### Aim of the task
This exercise calls for every line of the data below with the string "Lincoln" in it.

[Data excerpts]
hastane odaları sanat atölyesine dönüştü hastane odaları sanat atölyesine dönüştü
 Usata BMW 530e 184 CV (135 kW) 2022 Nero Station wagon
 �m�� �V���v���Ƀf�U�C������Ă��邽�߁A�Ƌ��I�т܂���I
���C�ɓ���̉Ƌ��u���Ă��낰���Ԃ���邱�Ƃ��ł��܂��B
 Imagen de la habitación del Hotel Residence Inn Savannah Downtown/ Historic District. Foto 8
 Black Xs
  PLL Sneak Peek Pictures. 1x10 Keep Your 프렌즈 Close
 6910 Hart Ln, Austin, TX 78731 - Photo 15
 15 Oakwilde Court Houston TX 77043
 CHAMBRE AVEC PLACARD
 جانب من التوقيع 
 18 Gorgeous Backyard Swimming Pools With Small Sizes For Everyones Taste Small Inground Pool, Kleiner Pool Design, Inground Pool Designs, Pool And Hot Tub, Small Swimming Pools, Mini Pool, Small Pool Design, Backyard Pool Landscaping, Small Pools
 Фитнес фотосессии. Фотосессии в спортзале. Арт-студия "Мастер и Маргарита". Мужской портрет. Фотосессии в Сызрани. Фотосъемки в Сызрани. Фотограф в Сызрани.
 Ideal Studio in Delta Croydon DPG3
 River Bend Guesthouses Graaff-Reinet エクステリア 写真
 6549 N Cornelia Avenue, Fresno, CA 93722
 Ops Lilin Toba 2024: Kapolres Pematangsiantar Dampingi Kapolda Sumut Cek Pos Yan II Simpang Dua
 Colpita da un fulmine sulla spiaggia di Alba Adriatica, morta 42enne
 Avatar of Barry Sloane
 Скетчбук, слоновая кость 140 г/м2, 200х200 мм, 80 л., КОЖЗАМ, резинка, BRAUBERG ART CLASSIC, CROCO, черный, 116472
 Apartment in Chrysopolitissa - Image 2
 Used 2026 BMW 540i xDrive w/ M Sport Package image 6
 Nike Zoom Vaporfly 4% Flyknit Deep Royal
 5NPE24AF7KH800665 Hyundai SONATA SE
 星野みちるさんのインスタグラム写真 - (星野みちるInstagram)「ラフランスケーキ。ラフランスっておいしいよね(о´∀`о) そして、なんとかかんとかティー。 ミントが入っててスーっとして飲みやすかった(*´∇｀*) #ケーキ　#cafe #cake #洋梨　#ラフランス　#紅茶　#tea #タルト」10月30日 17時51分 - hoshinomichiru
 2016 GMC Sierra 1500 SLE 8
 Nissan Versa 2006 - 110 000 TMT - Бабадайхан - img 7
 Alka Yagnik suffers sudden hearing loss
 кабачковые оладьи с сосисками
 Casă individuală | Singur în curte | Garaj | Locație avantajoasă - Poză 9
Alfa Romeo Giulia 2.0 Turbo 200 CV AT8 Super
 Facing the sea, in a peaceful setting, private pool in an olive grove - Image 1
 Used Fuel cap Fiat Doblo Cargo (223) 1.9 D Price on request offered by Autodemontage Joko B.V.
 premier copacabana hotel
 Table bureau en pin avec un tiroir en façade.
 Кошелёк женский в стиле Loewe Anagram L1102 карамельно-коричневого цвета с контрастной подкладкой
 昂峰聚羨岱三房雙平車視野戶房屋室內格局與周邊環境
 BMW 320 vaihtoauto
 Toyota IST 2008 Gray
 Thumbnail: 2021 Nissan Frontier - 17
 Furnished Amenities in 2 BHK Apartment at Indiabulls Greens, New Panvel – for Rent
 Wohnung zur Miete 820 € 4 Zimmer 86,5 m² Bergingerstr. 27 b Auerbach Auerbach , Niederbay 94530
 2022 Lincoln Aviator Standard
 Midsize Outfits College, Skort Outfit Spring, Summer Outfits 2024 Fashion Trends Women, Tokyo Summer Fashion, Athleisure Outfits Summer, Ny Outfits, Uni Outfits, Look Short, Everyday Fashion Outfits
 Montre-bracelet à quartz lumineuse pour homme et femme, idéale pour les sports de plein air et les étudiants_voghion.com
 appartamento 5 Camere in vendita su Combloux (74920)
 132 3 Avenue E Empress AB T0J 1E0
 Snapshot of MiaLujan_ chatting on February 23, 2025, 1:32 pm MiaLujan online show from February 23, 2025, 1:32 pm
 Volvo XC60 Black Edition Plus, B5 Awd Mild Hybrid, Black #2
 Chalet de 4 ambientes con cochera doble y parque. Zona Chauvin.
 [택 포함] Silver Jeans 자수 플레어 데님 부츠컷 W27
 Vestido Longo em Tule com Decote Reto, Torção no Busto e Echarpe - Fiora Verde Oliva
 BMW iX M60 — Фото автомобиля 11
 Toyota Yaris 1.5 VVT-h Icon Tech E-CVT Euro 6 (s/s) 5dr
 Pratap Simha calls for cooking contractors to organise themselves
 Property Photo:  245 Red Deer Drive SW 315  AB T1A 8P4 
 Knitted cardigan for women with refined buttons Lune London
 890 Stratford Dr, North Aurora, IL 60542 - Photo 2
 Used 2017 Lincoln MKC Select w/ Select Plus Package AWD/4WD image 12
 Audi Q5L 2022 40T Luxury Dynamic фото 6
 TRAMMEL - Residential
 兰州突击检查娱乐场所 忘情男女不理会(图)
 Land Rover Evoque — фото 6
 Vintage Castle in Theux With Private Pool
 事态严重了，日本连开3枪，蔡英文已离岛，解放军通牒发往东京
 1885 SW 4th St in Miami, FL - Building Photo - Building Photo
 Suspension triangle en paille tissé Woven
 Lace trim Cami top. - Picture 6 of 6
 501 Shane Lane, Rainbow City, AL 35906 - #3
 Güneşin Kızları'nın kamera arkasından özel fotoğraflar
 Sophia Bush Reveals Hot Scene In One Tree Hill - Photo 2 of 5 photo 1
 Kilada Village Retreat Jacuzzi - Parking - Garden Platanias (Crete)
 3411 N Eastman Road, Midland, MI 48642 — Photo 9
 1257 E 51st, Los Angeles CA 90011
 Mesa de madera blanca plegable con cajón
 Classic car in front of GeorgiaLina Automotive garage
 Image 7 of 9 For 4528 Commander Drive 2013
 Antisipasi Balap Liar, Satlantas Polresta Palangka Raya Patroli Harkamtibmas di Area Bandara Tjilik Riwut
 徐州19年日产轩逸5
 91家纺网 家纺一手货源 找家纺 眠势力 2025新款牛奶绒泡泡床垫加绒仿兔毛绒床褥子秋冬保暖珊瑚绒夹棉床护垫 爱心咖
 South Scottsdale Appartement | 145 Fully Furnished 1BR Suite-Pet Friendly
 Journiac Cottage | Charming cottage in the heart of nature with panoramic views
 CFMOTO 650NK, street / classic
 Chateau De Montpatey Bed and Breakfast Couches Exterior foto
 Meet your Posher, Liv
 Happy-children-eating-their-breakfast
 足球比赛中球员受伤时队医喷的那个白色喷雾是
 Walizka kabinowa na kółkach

### Answer space
 2022 Lincoln Aviator Standard
 Used 2017 Lincoln MKC Select w/ Select Plus Package AWD/4WD image 12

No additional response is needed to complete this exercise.